▽

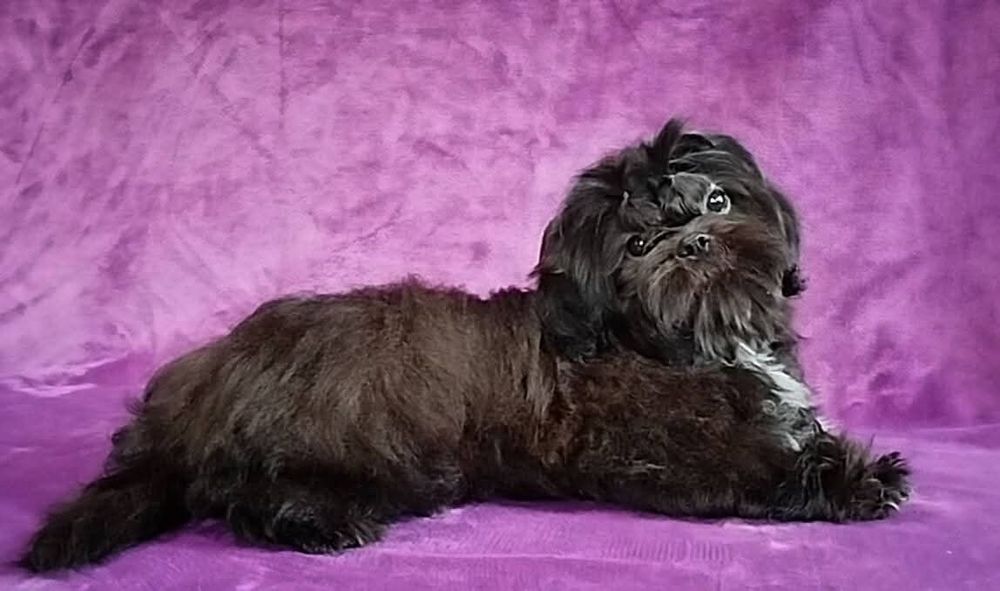 Девочка ши тцу FCI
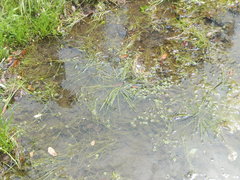 Isoetes melanopoda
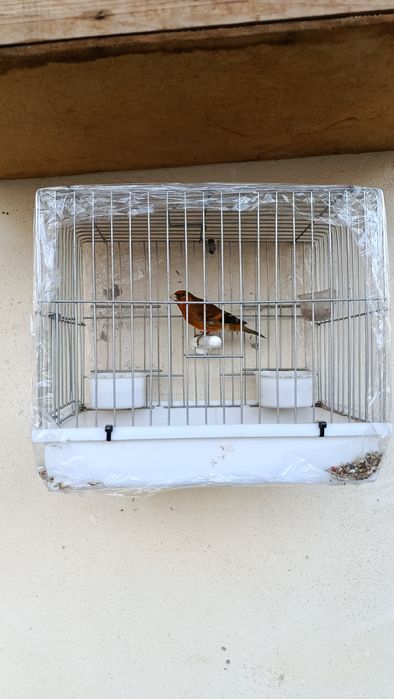 Гибрид Кокил Канарейка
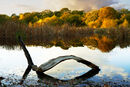 Hollow Ponds - Luciano Ocesca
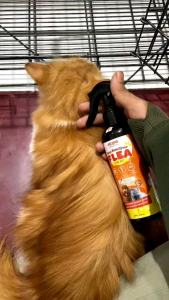 ELOPE Obat Anti Kutu / Pembasmi Kutu Anabul Kucing Anjing Kelinci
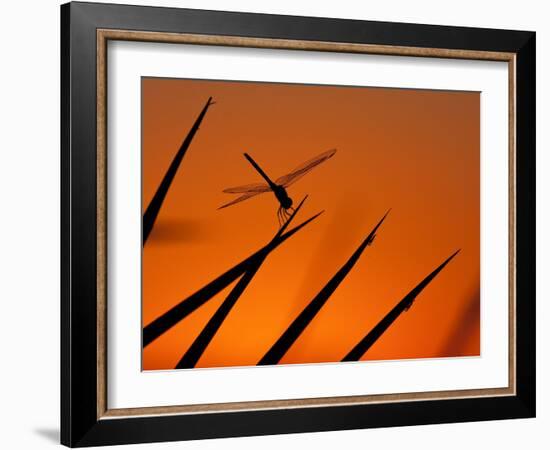 A Single Dragonfly Perched on a Leaf. Okavango Delta, Botswana.-Karine Aigner-Framed Photographic Print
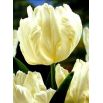 Tulipan White Parrot - opak. 5 szt.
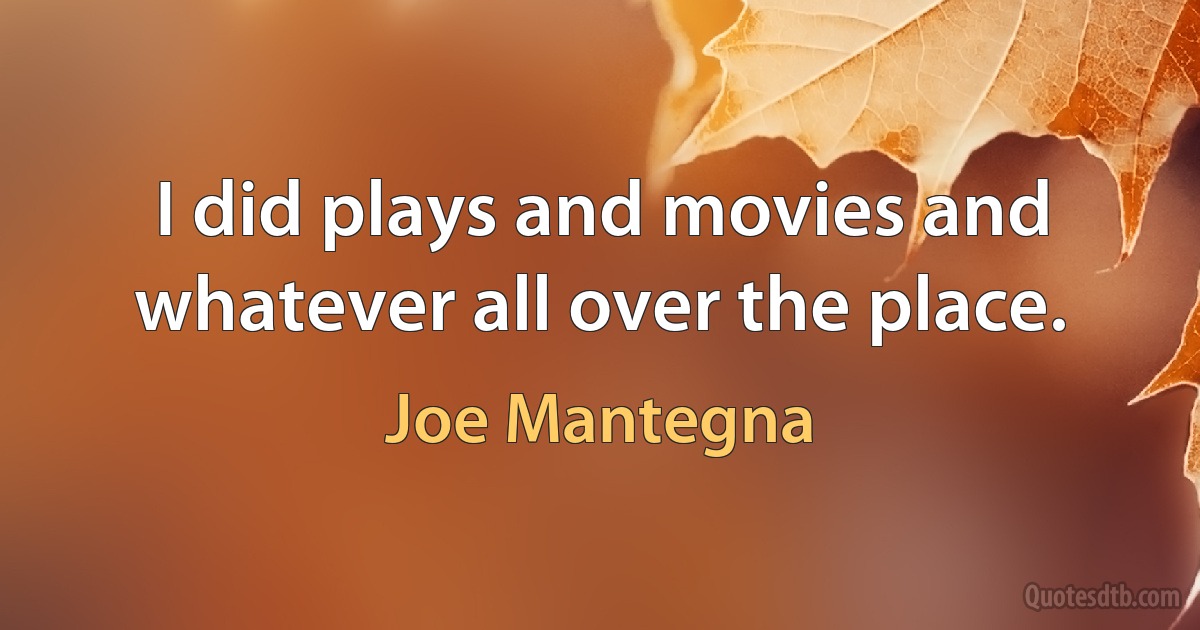 I did plays and movies and whatever all over the place. (Joe Mantegna)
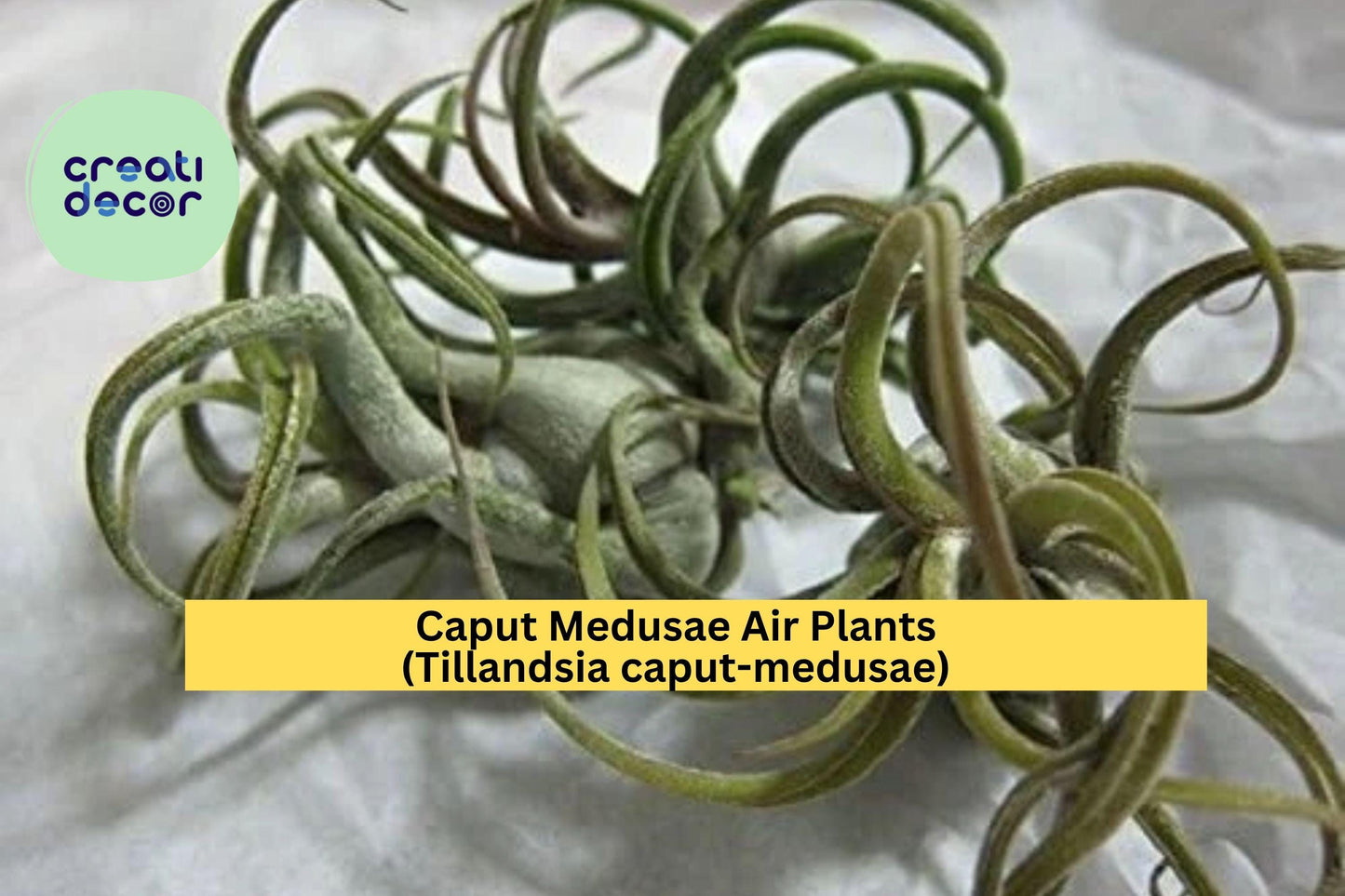 Caput Medusae Air Plants 5 Pack – Tillandsia caput-medusae – Easy Care Exotic Houseplants, Low Maintenance Indoor Decor
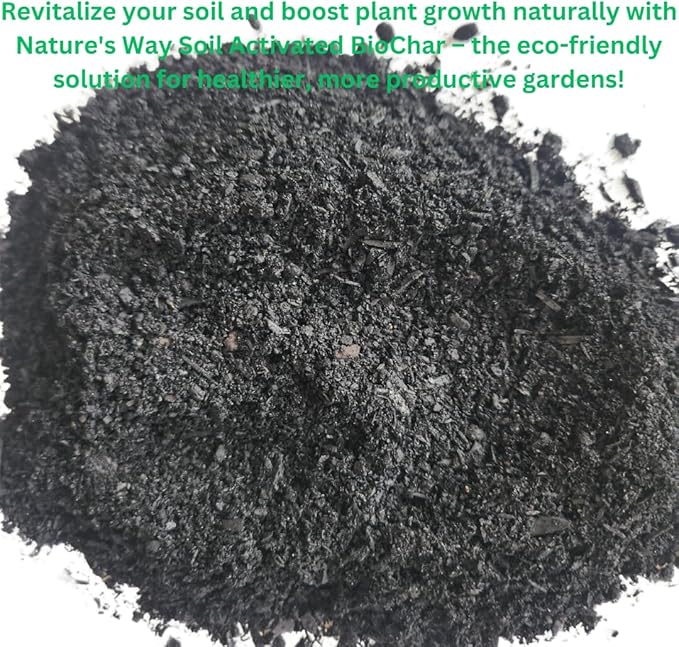 Generic Horlticural Activated Charcoal for Plants, 4 Quarts, Indoor and Outdoor, Charcoal for Terrariums, Conditioning for Bonsai Soil and Catus Soil, Black, NWS-4q-ABC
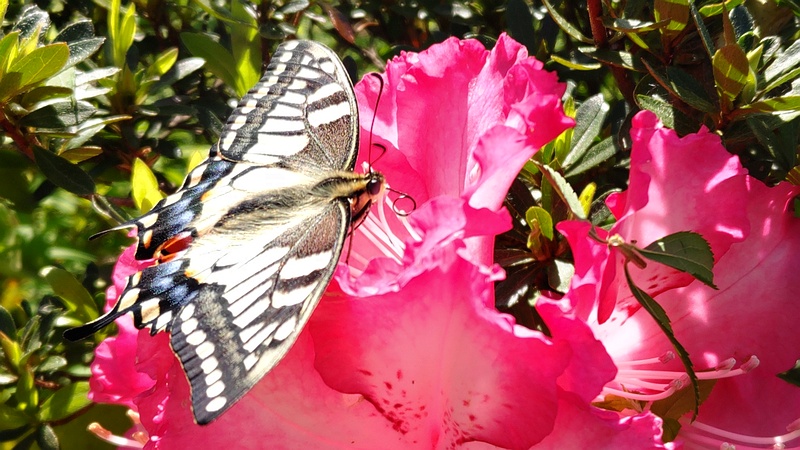 シャクナゲの花のキアゲハ 東京都大田区平和島公園
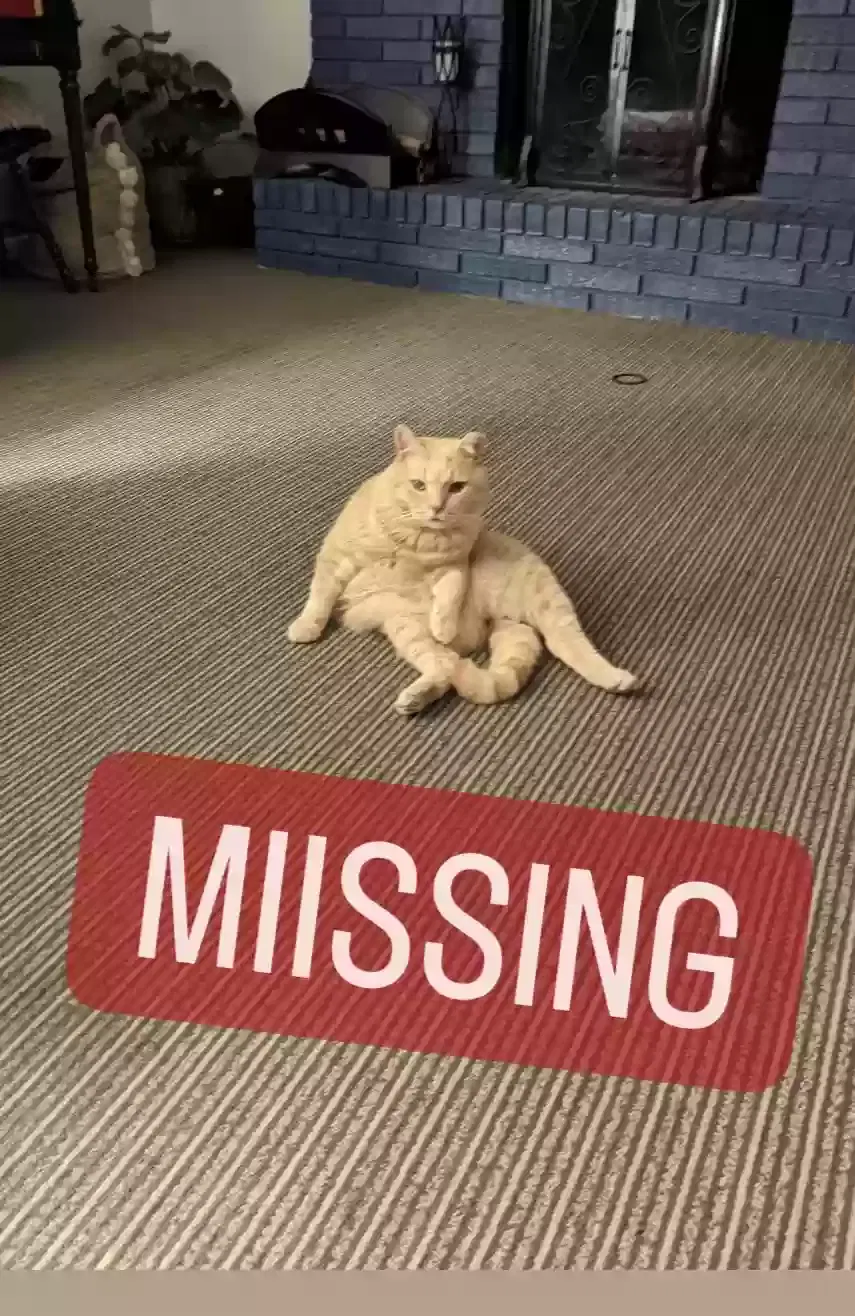 Lost cat in Noblesville, IN, 46060
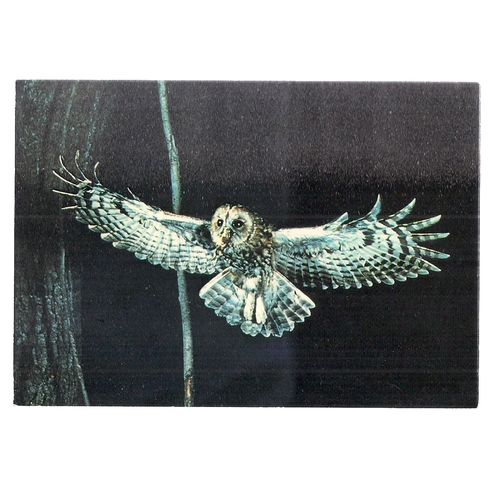 TAWNY OWL...unused postcard animals by J.Arthur Dixon KBP 22945 Collectacard #
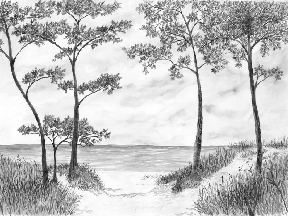 Papel pintado Pinos marítimos y dunas - Blanco y negro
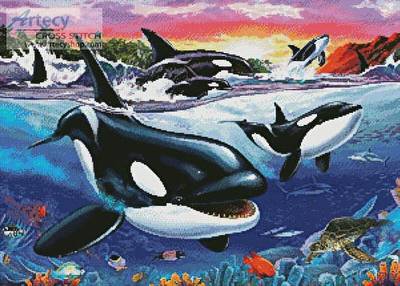 cross stitch pattern Killer Whales
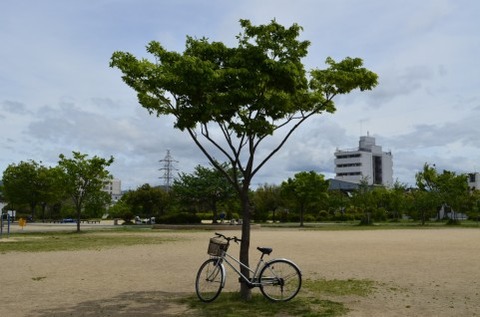 自転車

△

— What this task involves —
Reproduce the opening lines of the material above exactly, ending with the line that contains "ELOPE Obat Anti". Omit every picture.

— Solved exercise —
 Девочка ши тцу FCI
 Isoetes melanopoda
 Гибрид Кокил Канарейка
 Hollow Ponds - Luciano Ocesca
 ELOPE Obat Anti Kutu / Pembasmi Kutu Anabul Kucing Anjing Kelinci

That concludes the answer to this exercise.